Here’s an example that illustrates the difference between the two functions:

SELECT 
list_select(['Sky', 'Box', 'Run', 'Ant', 'Cam'], [2, 4]) AS list_select,
list_slice(['Sky', 'Box', 'Run', 'Ant', 'Cam'], 2, 4) AS list_slice;

Output:

+-------------+-----------------+
| list_select | list_slice |
+-------------+-----------------+
| [Box, Ant] | [Box, Run, Ant] |
+-------------+-----------------+

We can see that list_slice() returned all elements from the specified range, whereas list_select() returns just the specified list items themselves.

When Both Functions Return the Same Result

It’s possible to get the same result from both functions, depending on the arguments we pass. For example, we could do the following:

SELECT 
    list_select(['Sky', 'Box', 'Run', 'Ant', 'Cam'], [2, 3, 4]) AS list_select,
    list_slice(['Sky', 'Box', 'Run', 'Ant', 'Cam'], 2, 4) AS list_slice;

Output:

+-----------------+-----------------+
| list_select | list_slice |
+-----------------+-----------------+
| [Box, Run, Ant] | [Box, Run, Ant] |
+-----------------+-----------------+

Here, the list_select() function’s second argument contained the list indexes for the whole range that list_slice() returns. But this required us to explicitly specify each element within the range, which could become quite unwieldy if we need to work with a large range.

Another thing we could do is modify the list_slice() function’s arguments to return the results that we originally got with list_select():

SELECT 
    list_select(['Sky', 'Box', 'Run', 'Ant', 'Cam'], [2, 4]) AS list_select,
    list_slice(['Sky', 'Box', 'Run', 'Ant', 'Cam'], 2, 4, 2) AS list_slice;

Output:

+-------------+------------+
| list_select | list_slice |
+-------------+------------+
| [Box, Ant] | [Box, Ant] |
+-------------+------------+

In this case I passed a step value to list_slice(), which caused it to skip a value.

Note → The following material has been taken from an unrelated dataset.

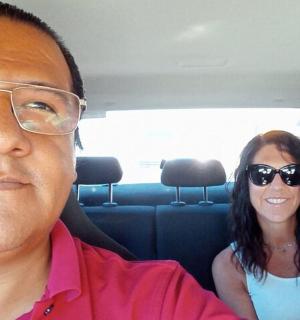 a man and a woman sitting in a car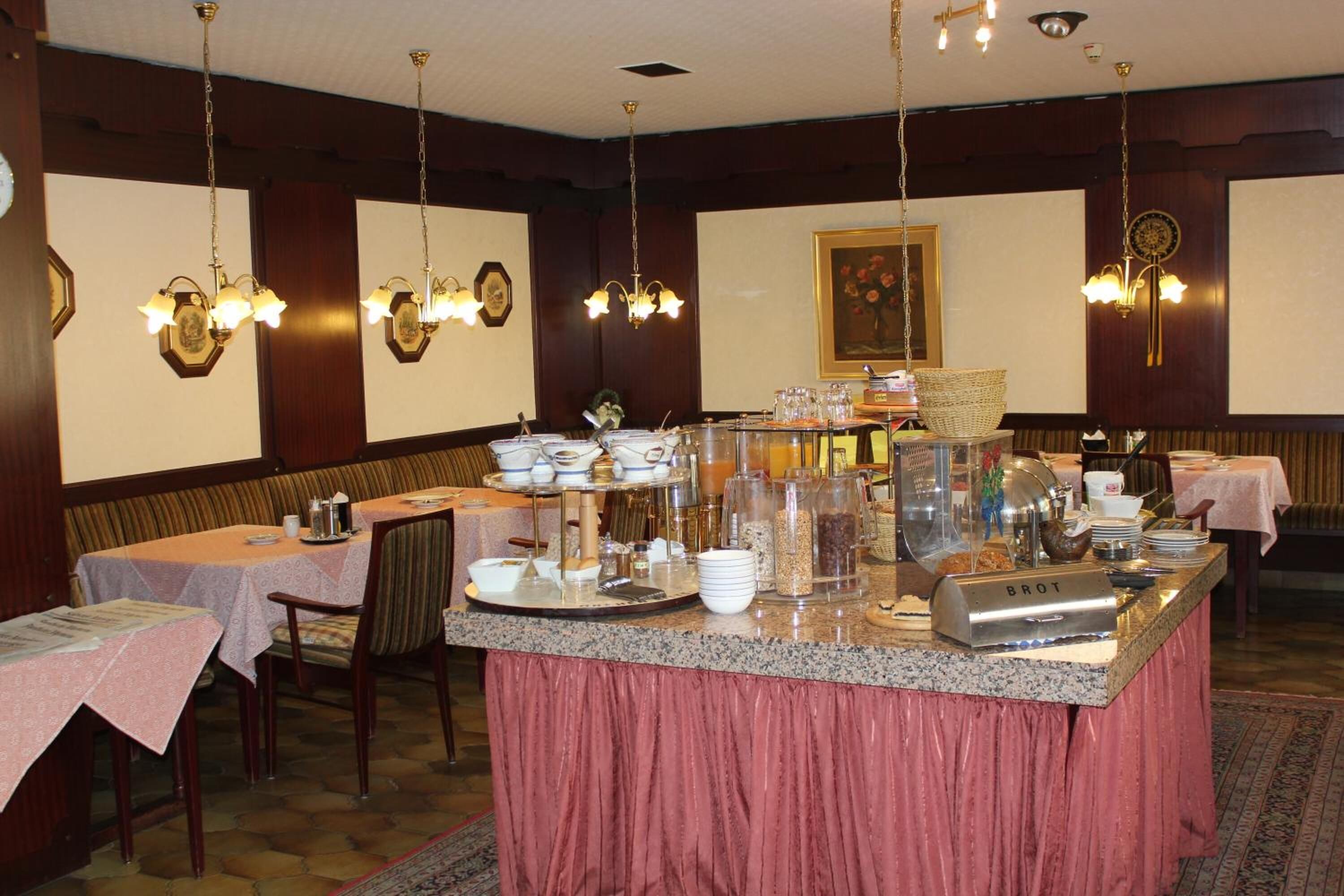 Een eetruimte met meerdere tafels, een buffet en hangende kroonluchters.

This technique will only go so far if we’re trying to mimic the results of list_select(). For example, the list_select() function can be useful in the following scenario:

SELECT list_select(
    ['Sky', 'Box', 'Run', 'Ant', 'Cam', 'Sit', 'Zip', 'Cat', 'Dog', 'Lit'], 
    [1, 4, 5, 10]
    );

Result:

[Sky, Ant, Cam, Lit]

The list_slice() function wouldn’t quite cut it in this situation.

Summary

So in summary:

  • Use list_select() to pick arbitrary list elements.
  • Use list_slice() to get all elements within a certain range.